* [YOUR ASSIGNMENT]:
Return every line below exactly, leaving nothing out.

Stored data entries
•••
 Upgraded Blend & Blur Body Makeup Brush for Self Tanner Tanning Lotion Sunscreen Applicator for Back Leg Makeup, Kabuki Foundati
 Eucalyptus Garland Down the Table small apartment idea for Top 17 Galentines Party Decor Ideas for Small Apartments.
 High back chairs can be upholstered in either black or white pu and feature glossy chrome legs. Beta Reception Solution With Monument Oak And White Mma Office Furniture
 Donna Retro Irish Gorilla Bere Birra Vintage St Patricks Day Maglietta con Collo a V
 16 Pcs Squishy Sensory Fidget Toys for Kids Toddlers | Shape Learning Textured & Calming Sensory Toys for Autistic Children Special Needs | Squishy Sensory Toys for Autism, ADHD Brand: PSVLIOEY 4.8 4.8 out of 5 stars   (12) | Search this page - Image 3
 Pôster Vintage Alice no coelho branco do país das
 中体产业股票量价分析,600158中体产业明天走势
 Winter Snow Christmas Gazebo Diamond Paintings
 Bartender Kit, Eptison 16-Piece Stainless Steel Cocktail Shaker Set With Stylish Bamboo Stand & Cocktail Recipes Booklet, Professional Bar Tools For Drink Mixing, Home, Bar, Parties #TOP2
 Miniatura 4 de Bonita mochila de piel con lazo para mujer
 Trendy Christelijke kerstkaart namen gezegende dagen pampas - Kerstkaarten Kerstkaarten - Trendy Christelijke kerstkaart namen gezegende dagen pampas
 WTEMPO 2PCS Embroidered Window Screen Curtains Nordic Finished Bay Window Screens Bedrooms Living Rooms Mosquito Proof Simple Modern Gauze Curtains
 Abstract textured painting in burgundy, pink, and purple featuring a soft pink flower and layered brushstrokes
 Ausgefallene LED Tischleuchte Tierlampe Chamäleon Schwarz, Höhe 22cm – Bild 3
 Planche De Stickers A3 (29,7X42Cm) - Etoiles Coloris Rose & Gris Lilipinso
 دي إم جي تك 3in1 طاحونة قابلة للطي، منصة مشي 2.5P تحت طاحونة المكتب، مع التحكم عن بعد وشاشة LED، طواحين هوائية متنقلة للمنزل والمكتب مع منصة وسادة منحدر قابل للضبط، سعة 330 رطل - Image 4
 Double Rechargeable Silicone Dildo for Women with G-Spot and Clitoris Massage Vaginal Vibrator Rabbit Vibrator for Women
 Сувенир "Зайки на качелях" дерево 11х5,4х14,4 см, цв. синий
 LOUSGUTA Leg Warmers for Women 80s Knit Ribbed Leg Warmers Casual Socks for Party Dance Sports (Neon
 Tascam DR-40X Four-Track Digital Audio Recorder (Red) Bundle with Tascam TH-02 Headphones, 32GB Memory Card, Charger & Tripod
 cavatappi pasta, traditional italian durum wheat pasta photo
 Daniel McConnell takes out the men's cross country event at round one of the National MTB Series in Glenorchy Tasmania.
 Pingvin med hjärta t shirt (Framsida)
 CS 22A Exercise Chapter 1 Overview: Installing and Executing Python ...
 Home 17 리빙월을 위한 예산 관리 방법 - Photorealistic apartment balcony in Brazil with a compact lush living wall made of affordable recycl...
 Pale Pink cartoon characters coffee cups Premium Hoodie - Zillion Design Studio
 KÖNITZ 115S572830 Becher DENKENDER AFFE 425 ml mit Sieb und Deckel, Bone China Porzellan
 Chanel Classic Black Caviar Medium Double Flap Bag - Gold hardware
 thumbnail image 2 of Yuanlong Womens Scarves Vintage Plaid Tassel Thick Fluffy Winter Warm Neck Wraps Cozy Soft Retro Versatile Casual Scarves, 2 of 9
•••
* [EXPECTED ANSWER]:
 Upgraded Blend & Blur Body Makeup Brush for Self Tanner Tanning Lotion Sunscreen Applicator for Back Leg Makeup, Kabuki Foundati
 Eucalyptus Garland Down the Table small apartment idea for Top 17 Galentines Party Decor Ideas for Small Apartments.
 High back chairs can be upholstered in either black or white pu and feature glossy chrome legs. Beta Reception Solution With Monument Oak And White Mma Office Furniture
 Donna Retro Irish Gorilla Bere Birra Vintage St Patricks Day Maglietta con Collo a V
 16 Pcs Squishy Sensory Fidget Toys for Kids Toddlers | Shape Learning Textured & Calming Sensory Toys for Autistic Children Special Needs | Squishy Sensory Toys for Autism, ADHD Brand: PSVLIOEY 4.8 4.8 out of 5 stars   (12) | Search this page - Image 3
 Pôster Vintage Alice no coelho branco do país das
 中体产业股票量价分析,600158中体产业明天走势
 Winter Snow Christmas Gazebo Diamond Paintings
 Bartender Kit, Eptison 16-Piece Stainless Steel Cocktail Shaker Set With Stylish Bamboo Stand & Cocktail Recipes Booklet, Professional Bar Tools For Drink Mixing, Home, Bar, Parties #TOP2
 Miniatura 4 de Bonita mochila de piel con lazo para mujer
 Trendy Christelijke kerstkaart namen gezegende dagen pampas - Kerstkaarten Kerstkaarten - Trendy Christelijke kerstkaart namen gezegende dagen pampas
 WTEMPO 2PCS Embroidered Window Screen Curtains Nordic Finished Bay Window Screens Bedrooms Living Rooms Mosquito Proof Simple Modern Gauze Curtains
 Abstract textured painting in burgundy, pink, and purple featuring a soft pink flower and layered brushstrokes
 Ausgefallene LED Tischleuchte Tierlampe Chamäleon Schwarz, Höhe 22cm – Bild 3
 Planche De Stickers A3 (29,7X42Cm) - Etoiles Coloris Rose & Gris Lilipinso
 دي إم جي تك 3in1 طاحونة قابلة للطي، منصة مشي 2.5P تحت طاحونة المكتب، مع التحكم عن بعد وشاشة LED، طواحين هوائية متنقلة للمنزل والمكتب مع منصة وسادة منحدر قابل للضبط، سعة 330 رطل - Image 4
 Double Rechargeable Silicone Dildo for Women with G-Spot and Clitoris Massage Vaginal Vibrator Rabbit Vibrator for Women
 Сувенир "Зайки на качелях" дерево 11х5,4х14,4 см, цв. синий
 LOUSGUTA Leg Warmers for Women 80s Knit Ribbed Leg Warmers Casual Socks for Party Dance Sports (Neon
 Tascam DR-40X Four-Track Digital Audio Recorder (Red) Bundle with Tascam TH-02 Headphones, 32GB Memory Card, Charger & Tripod
 cavatappi pasta, traditional italian durum wheat pasta photo
 Daniel McConnell takes out the men's cross country event at round one of the National MTB Series in Glenorchy Tasmania.
 Pingvin med hjärta t shirt (Framsida)
 CS 22A Exercise Chapter 1 Overview: Installing and Executing Python ...
 Home 17 리빙월을 위한 예산 관리 방법 - Photorealistic apartment balcony in Brazil with a compact lush living wall made of affordable recycl...
 Pale Pink cartoon characters coffee cups Premium Hoodie - Zillion Design Studio
 KÖNITZ 115S572830 Becher DENKENDER AFFE 425 ml mit Sieb und Deckel, Bone China Porzellan
 Chanel Classic Black Caviar Medium Double Flap Bag - Gold hardware
 thumbnail image 2 of Yuanlong Womens Scarves Vintage Plaid Tassel Thick Fluffy Winter Warm Neck Wraps Cozy Soft Retro Versatile Casual Scarves, 2 of 9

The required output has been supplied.